• **ACTION ITEM**: Only the lines below, from the one with "JH2PC40047M011378 - 2007" through the one with "Used Mercedes-Benz GLC", are to be written out, exactly.

• **DATA RECORDS**:
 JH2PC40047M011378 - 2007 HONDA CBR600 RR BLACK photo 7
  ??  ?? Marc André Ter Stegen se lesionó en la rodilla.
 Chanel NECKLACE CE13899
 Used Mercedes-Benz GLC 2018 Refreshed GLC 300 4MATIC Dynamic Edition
---
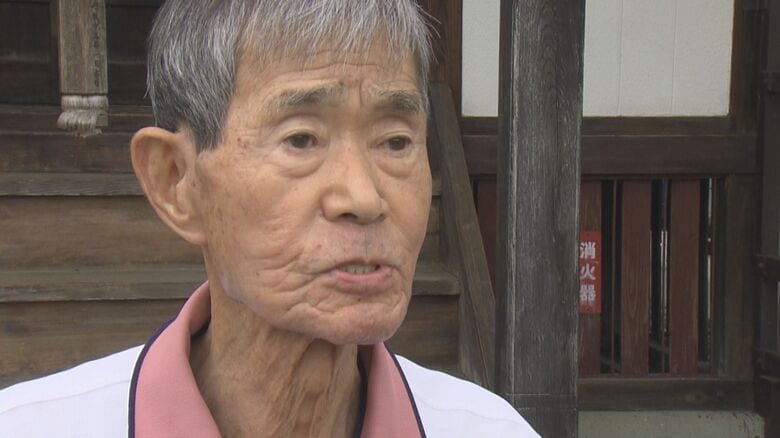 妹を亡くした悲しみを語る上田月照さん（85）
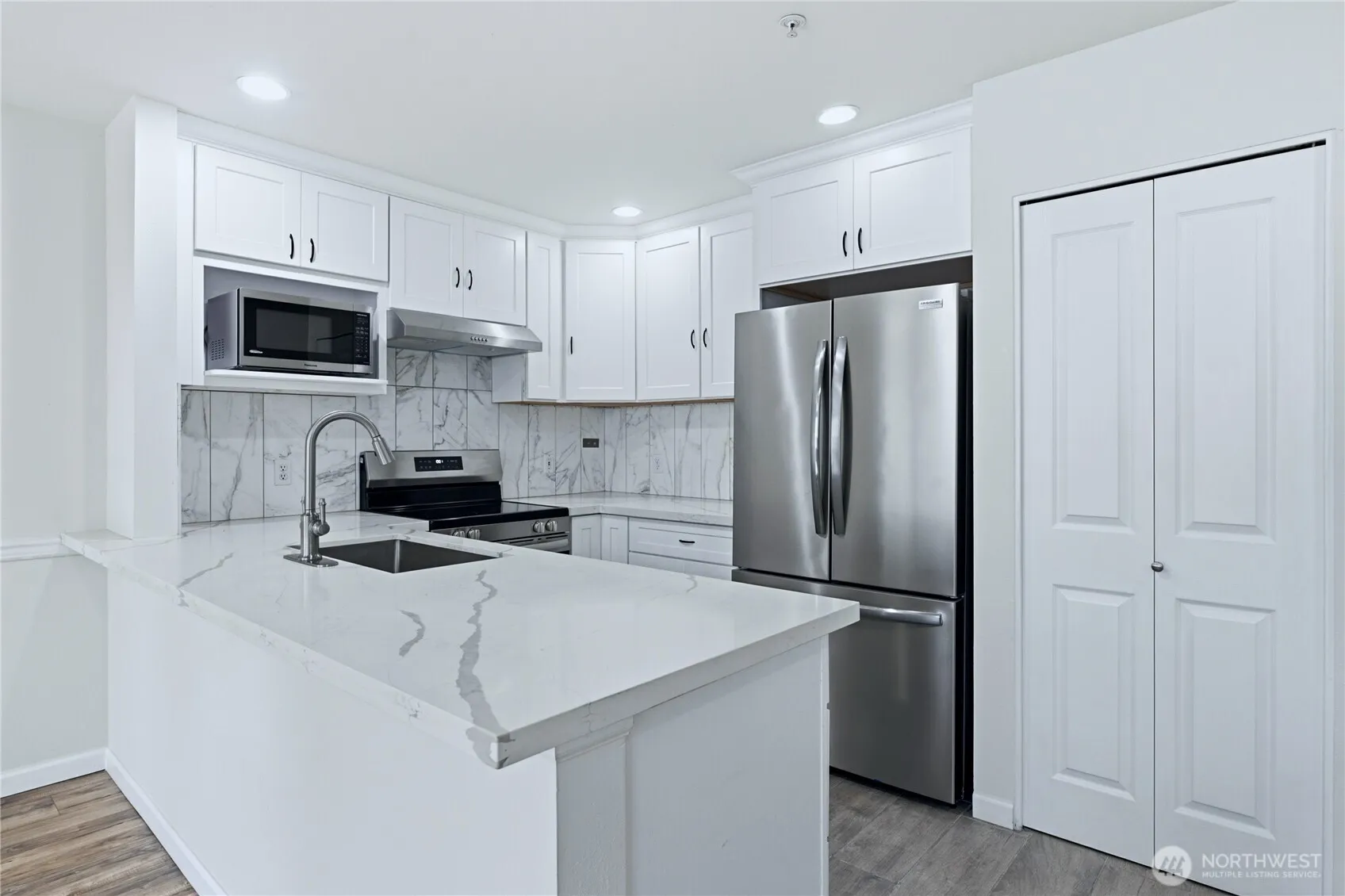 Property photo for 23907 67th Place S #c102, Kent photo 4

• **REPLY**:
 JH2PC40047M011378 - 2007 HONDA CBR600 RR BLACK photo 7
  ??  ?? Marc André Ter Stegen se lesionó en la rodilla.
 Chanel NECKLACE CE13899
 Used Mercedes-Benz GLC 2018 Refreshed GLC 300 4MATIC Dynamic Edition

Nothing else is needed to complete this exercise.